I hope I didn't duplicate too much on this post. I found a "lot" of great info by searching "buy collet chuck". I am just hoping for some more recent info on the subject. Most of the useful posts I found were at least several months old.

Thanks to all for the input. And of course, if anyone wants to sell me their chuck, let me know.:rotfl::devil::rotfl::devil:


----------



## Randy_ (Sep 22, 2008)

http://www.packardwoodworks.com/Mer...=CTGY&Category_Code=lathes-acc-spec-beallclet


----------



## stevers (Sep 22, 2008)

Thanks Randy.


----------



## BRobbins629 (Sep 22, 2008)

Email 800Watt - he can probably get you the holder as well.


----------



## Daniel (Sep 22, 2008)

Steve, From someone that has both a Beall and an 800watt chuck I would also just e-mail 800watt to see if you can get one from him. I bought the Beall chuck and then got another chuck and the collets from 800watt (two different lathes so I needed both chucks) the only reason I bought the Beall chuck was it was the only one I could find that would fit my 3/4"X16tpi head stock spindle. I use the 800watt chuck more and have never had an issue with it's quality.


----------



## stevers (Sep 22, 2008)

Thanks guys. I e-mailed him (800watt) yesterday, waiting to hear from him. Testing to see how long this may take. A little slow is one thing, weeks or months is not acceptable for me. I can get stuff from a lot of vender's and it can be shipped next day and to me in a couple. I am not known for my patience. I'll give him a day or two, then I'll look elsewhere. I E-mailed Beall last night at midnight and there was a response on my computer this morning at 5:30 AM. Those are the folks I tend to go with, even if it means paying a little more. I am a very patristic  person. You do right by me and you will have my business.


----------



## Daniel (Sep 23, 2008)

Steve, I am like you. Service is worth something and i don't do the patience thing either. I had no problem with 800watt as far as having my items shipped like some have. I also never tried to e-mail him. I went with the Beall for my wood lathe because they had just the chuck to fit my lathe. The price for me was not as much of an issue as wanting what would work the best. adapters and stuff just add more reasons for things to be off.


----------



## stevers (Sep 23, 2008)

Well, I did it. I just finished ordering the chuck from Beall and the 18 piece collet set from 800watt.
The way I see it, for just under the price of the Beall "set", I got the 18 piece set of collets and the chuck. The collets from 800watt were $60 plus $16 shipping and the chuck from Beall was $88.75 w/ship, so $164.75 for both. For the Beall set with shipping was $168.75. So I saved $4 and will have 13 more collets. Good deal, I must say. As long as the collets are as good as you all say they are. Of course, you have never steered me wrong before. 
Thanks for all the help. I'll report back with a review once I have a chance to use them.


----------



## Glass Scratcher (Sep 24, 2008)

stevers said:


> Thanks guys. I e-mailed him (800watt) yesterday, waiting to hear from him. Testing to see how long this may take. A little slow is one thing, weeks or months is not acceptable for me.
> 
> Snippage



If and when you hear back from 800watt about the er32 chuck, would you mind posting.  I am also looking for just a er32 collet chuck.


----------



## stevers (Sep 25, 2008)

Sure thing Charles. I ordered the 18 piece collet set from him yesterday, (Tue). Have heard nothing yet. Was hoping for a response today, at least a notification that he received the order. I hope this works out.
I ordered the chuck itself from Beall.


----------



## HawksFeather (Sep 25, 2008)

I have no knowledge of 800watt, but I have been lucky enough to visit the Beall business a couple of times.  It was a real treat meeting Mr. Beall and I enjoyed talking with him and having him show me around.  After visiting there, I am convinced that I am getting what I pay for when I purchase something from them.

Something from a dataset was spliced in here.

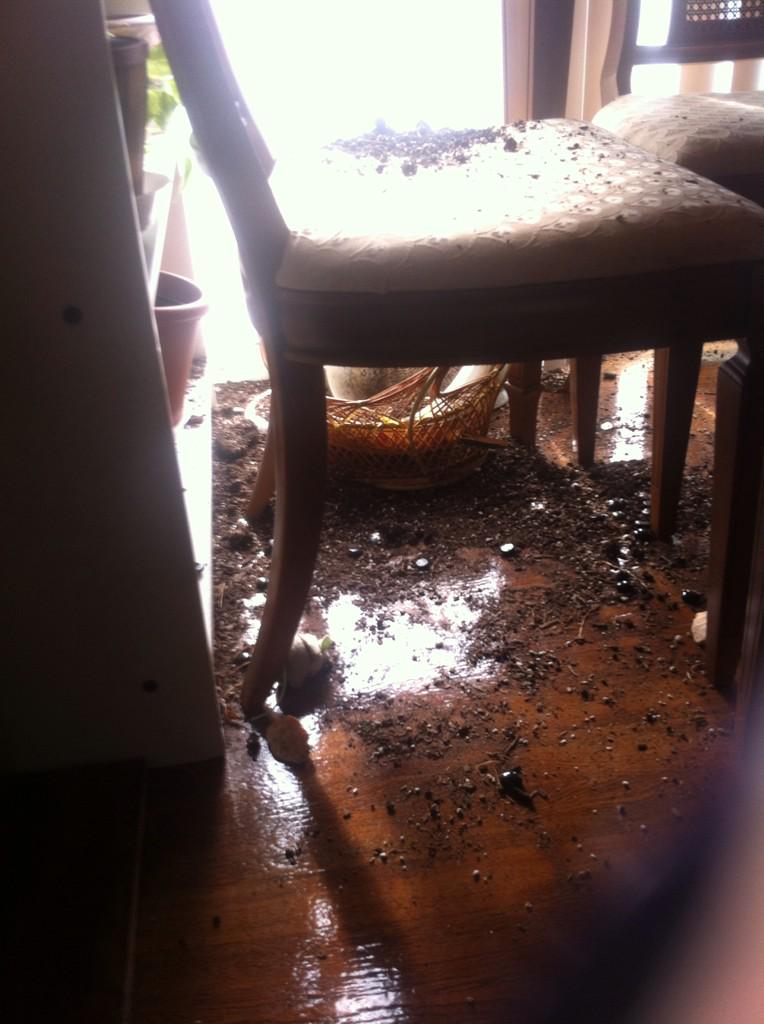 Awesomnicity's tweet photo. Well off work and now I get to head home and clean this...cats are wonderful :) #workworkwork http://t.co/BANObLVXGp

I am not throwing rocks at others, just stating that I really do like the items I have gotten from Beall Tools.

Jerry


----------



## Daniel (Sep 26, 2008)

Steve, As I recall I didn't get any sort of reply from 800watt. what he has in great prices he makes up for in customer service, lol. I also had not problem at all in getting my order. I think it came in about a week. I have read several comments from others that had long waits but as far as I know everyone eventually gets what they paid for.


----------



## jttheclockman (Sep 26, 2008)

Does 800watt have a web site???  Have no idea who you are talking about. I too have the Beall chuck and would be intyerested in going the same route with buying the collets and the chuck seperatetly. I assume they are interchangable being it was mentioned., right???


----------



## stevers (Sep 26, 2008)

Yes John, they are interchangeable. They are both ER32. He does sell some other sizes, so be sure you get the ER32's. Here is a link to his eBay page.


----------



## Randy_ (Sep 26, 2008)

Just a note about 800watt.....  I emailed him a while ago about supplying ER32 collet sets in metric sizes.  Was surprised to get a reply which was to the effect that he would do it and they would be available by now.  I have reviewed his offerings on eBay and have not seen them there yet.
 
Even if you buy his large set in 32nd inch increments, there are still a few gaps in the grip range of the set.  (Probably not a big deal for most users; but might be important for some.)  For those who are still in the buy mode, you might contact him and see if he has the metric set of collets yet.


----------



## VisExp (Sep 26, 2008)

Randy, he has the metric. 18 piece 3mm to 20mm

http://tinyurl.com/3gu7xh


----------



## jttheclockman (Sep 27, 2008)

Please explain something. I see he has an 18 piece #2 MT set for $70 and  on the next page he has the what I think is the same set for $80. Am I missing something. Another question is why is it important to have such fine incremented jaws???  Can someone give an example??  Thanks.


----------



## Randy_ (Sep 27, 2008)

John: I don't know the answer to the first part of your question. This is not the first time that I have seen auctions by 800watt for items that appear to be identical but are $10 different in price. I have always chalked it up to a simple typo.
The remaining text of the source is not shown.